Unter diesem Motto steht auch die Kundgebung, die an diesem Wochenende in Köln geplant ist. Dazu hat die Alevitische Gemeinde aufgerufen, seit Tagen wirbt sie über ihren Kölner Satellitensender Yol TV dafür. „Wir fordern den Rücktritt des Ministerpräsidenten und Neuwahlen“, sagt Ali Dogan, ihr Vorsitzender, der mit 30.000 Teilnehmern rechnet.

Die religiöse Minderheit der Aleviten war in der Türkei oft Repressalien ausgesetzt, die Erdogan-Regierung sieht sie seit jeher kritisch. „Wir haben schon immer gesagt, dass Erdogan ein Wolf im Schafspelz ist“, sagt Ali Dogan. Auch dem Rest seiner Partei traut er nicht über den Weg, moderatere Stimmen wie Staatspräsident Abdullah Gül seien keine Alternative. Die AKP-Regierung würde lediglich nach der Regel „good cop, bad cop“ spielen, so Dogan. Schon mehrmals hat die Gemeinde Demonstrationen gegen den türkischen Ministerpräsidenten organisiert. Diesmal hat sich dazu erstmals deutsche Politprominenz wie Sigmar Gabriel und Gregor Gysi angekündigt.

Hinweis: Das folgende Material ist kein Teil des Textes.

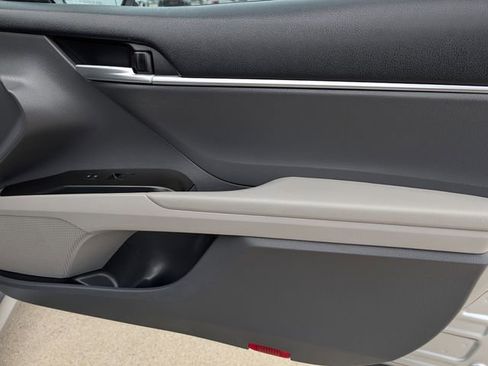 Used 2024 Toyota Camry LE FWD image 30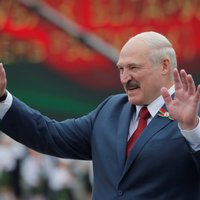 Lukašenko pārcietis bezsimptomu inficēšanos ar Covid-19
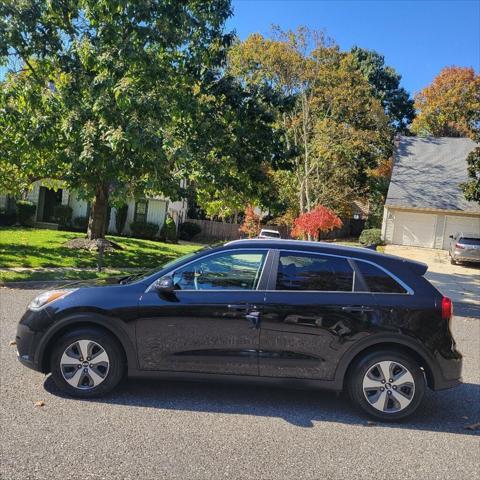 2017 kia niro lx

Die Ereignisse in der Türkei spalten die Deutschtürken. Die Türkische Gemeinde in Deutschland stellt es ihren Mitgliedern frei, an der Demo in Köln teilzunehmen, ruft aber nicht dazu auf. Ihr Vorsitzender Kenan Kolat hält nicht viel vom Ruf nach einem Rücktritt Erdogans. Es sei besser, die Forderungen der Leute vom Taksimplatz zu unterstützen, als von außen Forderungen zu stellen. Kolat hat auf seine Kritik an der türkischen Polizei viele hässliche Mails erhalten, oft mit identischem Inhalt. „Da werden Argumentationsmuster aus der Türkei oft wortwörtlich übernommen.“

Kolat war in der Türkei, als die Proteste begannen. „Meine Schwester und meine Nichte sind zum ersten Mal auf die Straße gegangen“, erzählt er. Erdogan sei ein Hitzkopf und ein Machtmensch, „seine Basta-Politik hat viele gestört“. Doch: „Der Bann der Angst ist jetzt gebrochen.“ Für Erdogans Kurs sucht er eine Erklärung in der politischen Kultur der Türkei: „Nachgeben gilt nicht als ehrenvoll, man muss stark bleiben.“ Aber die Proteste hätten die Türkei verändert, davon ist Kolat überzeugt. „Diese Menschen haben eine große demokratische Reife gezeigt. Wir müssen sie unterstützen.“

Das findet auch Shermin Langhoff, die türkischstämmige Intendatin des Maxim-Gorki-Theaters in Berlin. Sie hat einen Aufruf mit initiiert, dem sich seit Sonntag auf Facebook schon mehr als 14.000 Menschen angeschlossen haben. Kulturgrößen wie Fatih Akin und René Pollesch wenden sich in dem offenen Brief an Bundeskanzlerin Merkel, sich für ein Ende der Repression in der Türkei einzusetzen.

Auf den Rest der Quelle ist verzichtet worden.